The definition of “sufficient records” is subjective. Based on the IRD Interpretation and Practical Note, the companies must keep and organize not only the financial transaction records but also the supporting or proof to these transactions. The companies must take care of the following documents at least:
- Staff payroll record & MPF contribution records
- Bank account statements
- Purchase invoices/receipts
- Sales invoices/receipts
- The record of expense and income of cash and cheque
The Statutory Audit is the analyse and examination of accounts and financial statements of a company each of the financial year by an independent accountant (also known as auditor). In other words, the Statutory Audit starts after the financial statements are ready, and it ends after the documents are audited. The Statutory Audit will start again next year.
Statutory Audit is an obligation: According to Section 405 of the CO, the financial statements must be audited. But, who can audit the financial statements?
Under the Professional Accountants Ordinance (Chapter 50), only the following entities can provide the statutory auditing services for the Hong Kong companies:
- Firms of certified public accountants (practicing) or corporate practices registered with the HKICPA, or;
- Certified public accountants holding a valid practicing certificate issued by the HKICPA
The duties of your Certified public accountants (“CPA”), commonly known as auditor, is to analyze the financial statements and their supporting documents and information so that the CPA can express the opinion of whether these financial statements can give a true and fair view of the company based on the adapted financial reporting standard.

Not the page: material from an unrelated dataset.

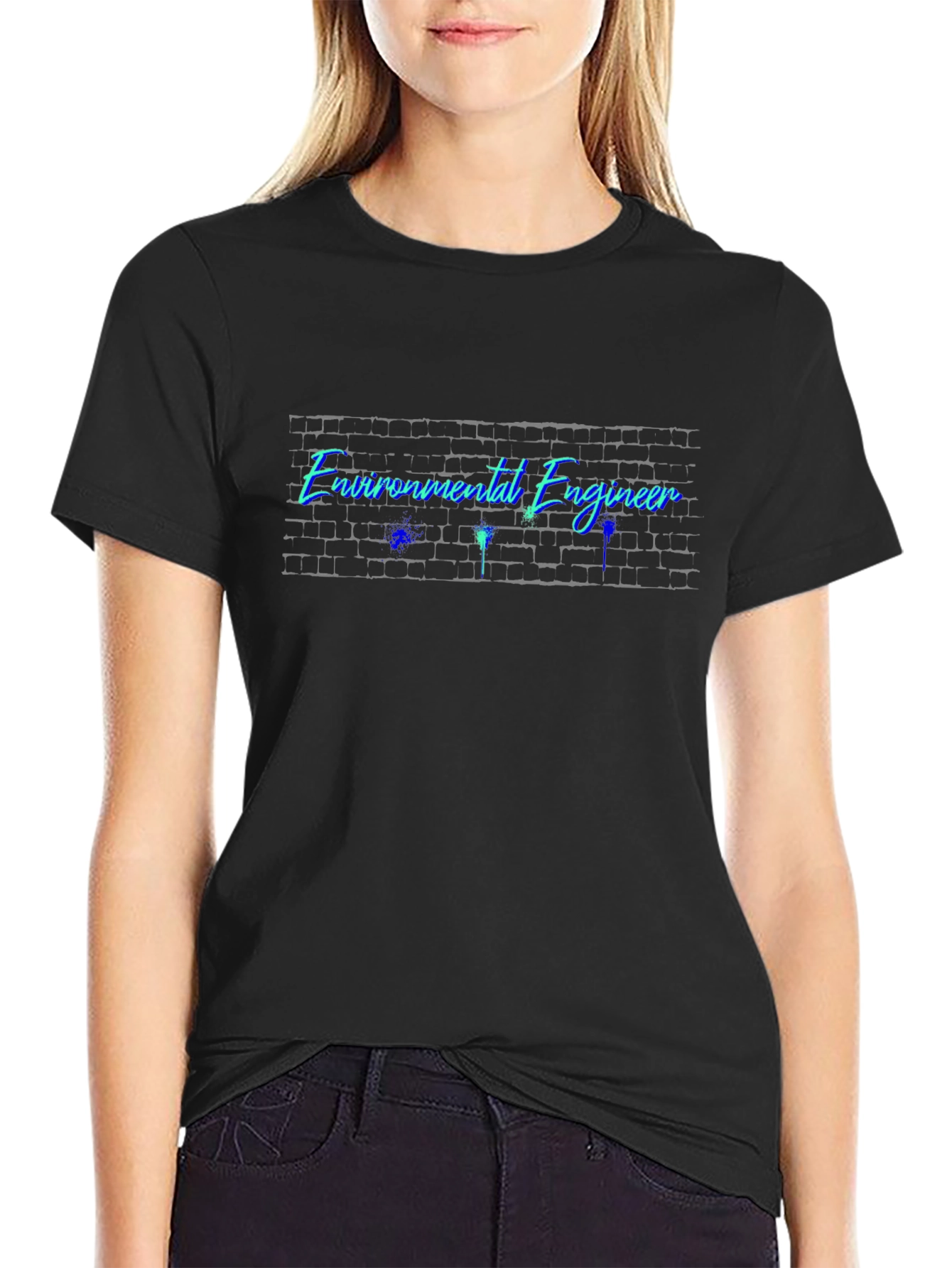 Environmental Engineer Brick Wall T-Shirt - Black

The CPA usually sample the accounting material and query the accountants and the directors to reach their judgment and opinion.
The statutory auditing service for the Hong Kong company is governed by the Hong Kong standards on auditing, specified by the HKICPA which is the regulatory authority of the registrar of the HK CPA.
Therefore, the work of the CPA is standardized for the HK SMEs. After the auditing, the company receives a collection of documents namely “audit report”, which includes the audited financial statements and an auditor’s report.
The auditor’s report is a report that contains the CPA’s judgment on the preparation and presentation of audit financial statements. When these statements are fairly appropriately presented and comply with the standards, the CPA gives an unqualified opinion which is written on the auditor’s report.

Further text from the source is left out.